To me it seems to be a bit strange, since we have 3 momenta (9 degerees of freedom) that we map to 2 momenta (with 6 degrees of freedom).

In addition to that it was mentioned that the mapping is also injective. How is this possible?

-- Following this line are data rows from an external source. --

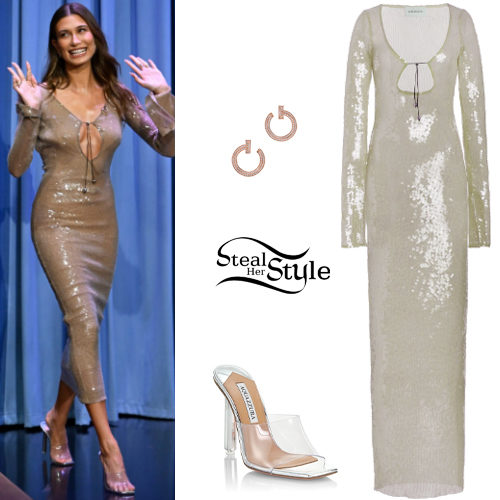 Sequin Dress, Clear Sandals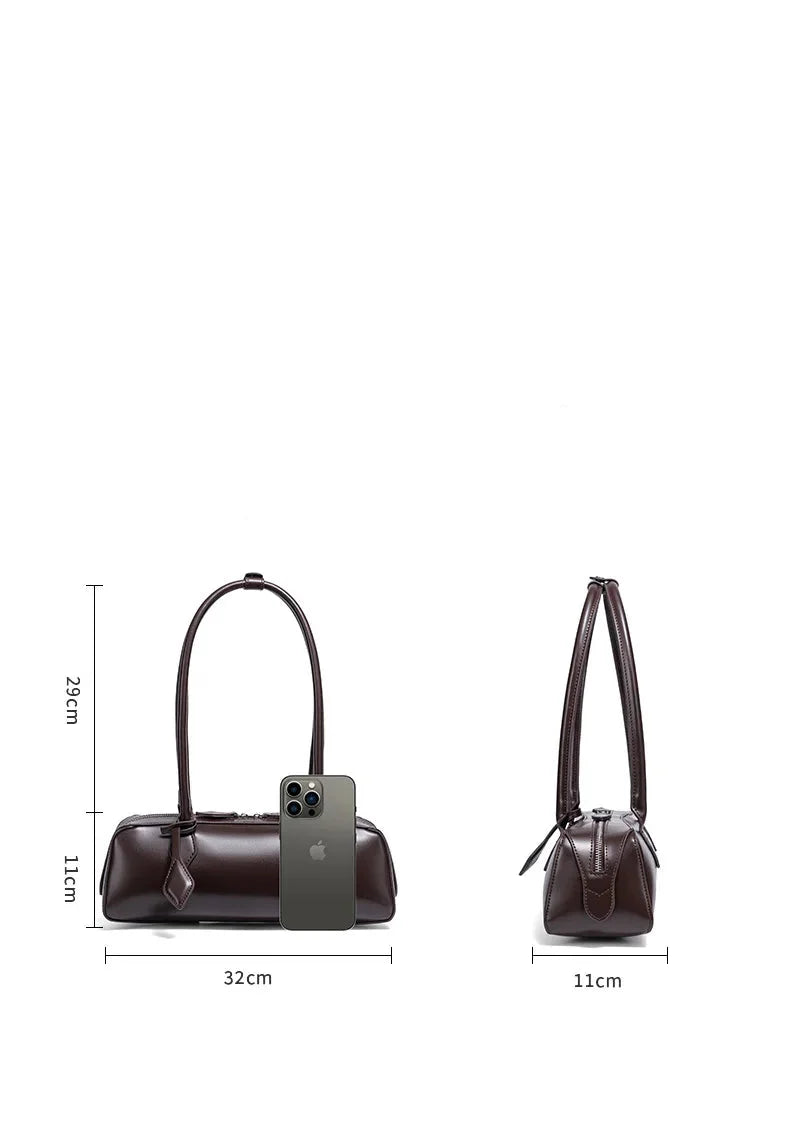 Women Leather Bag | Luxury Vintage | Long Shoulder Shopping Bag | Underarm Bag | Baguette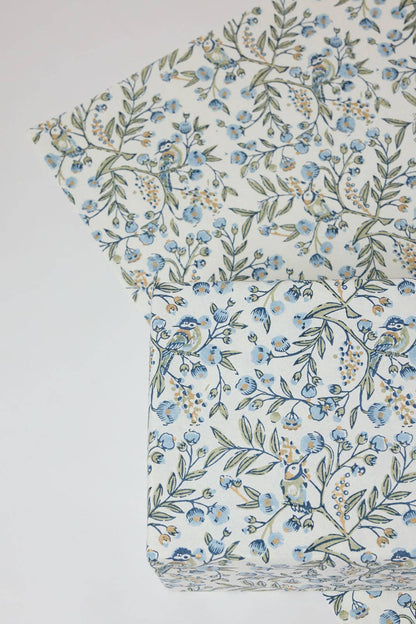 Song Birds Blue Stone - Handmade Gift Wrap Sheets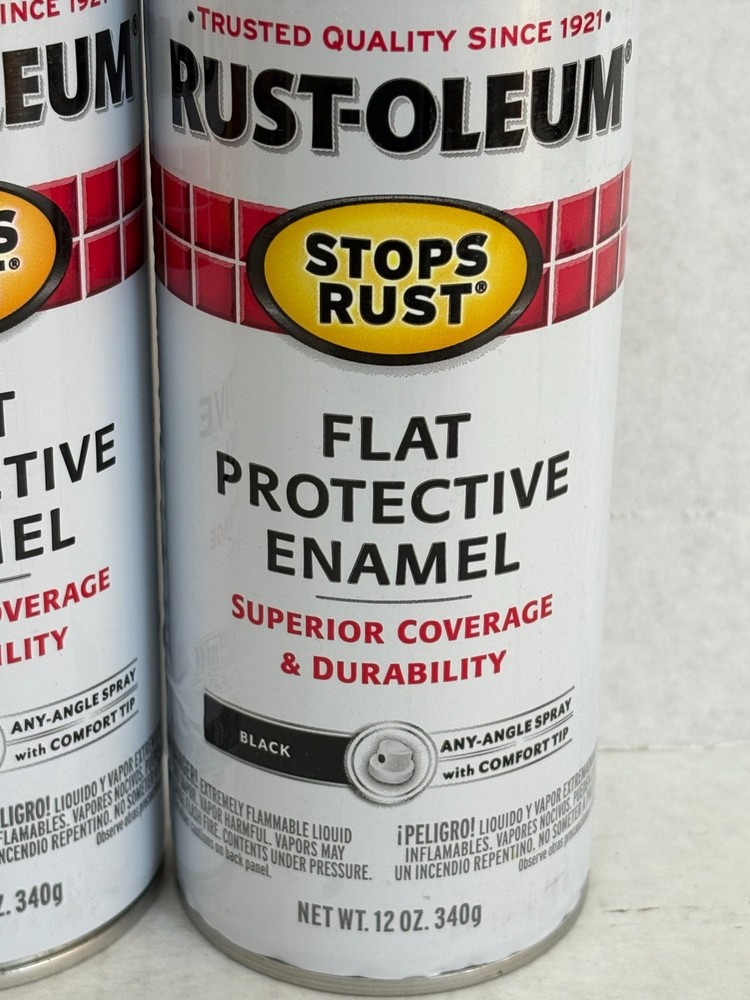 (2) RUSTOLEUM 7776830 FLAT BLACK PROTECTIVE ENAMEL STOPS RUST SUPERIOR COVERAGE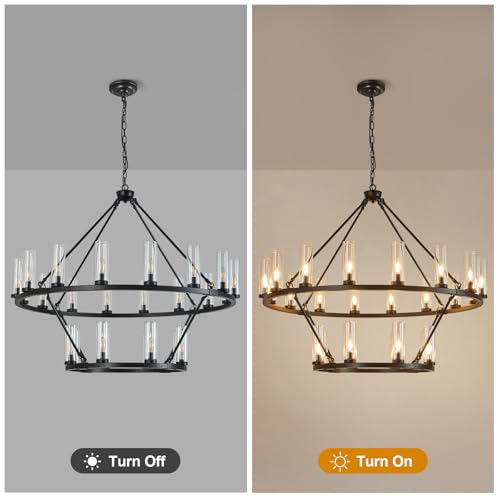 Image of 48 Inch Large Black Wagon Wheel Chandelier with Clear Glass Shade 2 Tier 24-Lights Round Pendant Light Farmhouse Industrial Chandeliers Dining Room Light Fixture for Stair Living Room Foyer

I can provide more physical background if required.

  • 1
    Well, if you were only looking at Lorentz/rotational invariants, the system of 3 vectors has 3 magnitudes and 3 relative cosines, so 6 degrees of freedom, covering the structure... – Cosmas Zachos Dec 7 at 1:56
  • @CosmasZachos Thank you for the answer! You mean, we have 6 degrees of freedom on both sides? And can you imagine why the mapping is one to one? – Schnarco Dec 7 at 2:11
  • It looks that way; there is lots of freedom in picking your origins and orienting your solid (the space like part thereof...). Might take the x-axis to be along $p_k$, and $p_i$ to define the x-y plane, and only $p_j$ has a z component in this orientation... The mapping is 1-to-1 up to superfluous orientation of the system... – Cosmas Zachos Dec 7 at 2:17
  • @CosmasZachos Could you be so kind and explain to me, why we have also 6 degrees of freedom on the left hand side? – Schnarco Dec 7 at 2:21
  • I mean, actually it is 2 magnitudes and 2 angles on that side, isn‘t it? – Schnarco Dec 7 at 2:22
up vote 1 down vote accepted

OK, I am dumping a few illustrative notes to flesh out my comment that the number of parameters (d.o.f.) is 6 before and after the map. (I am not sure what you mean about the 2-vectors being parallel when the 3 vectors are on a plane. $\tilde p_k$ and $\tilde p_{ij}$ are not parallel--see illustration below.)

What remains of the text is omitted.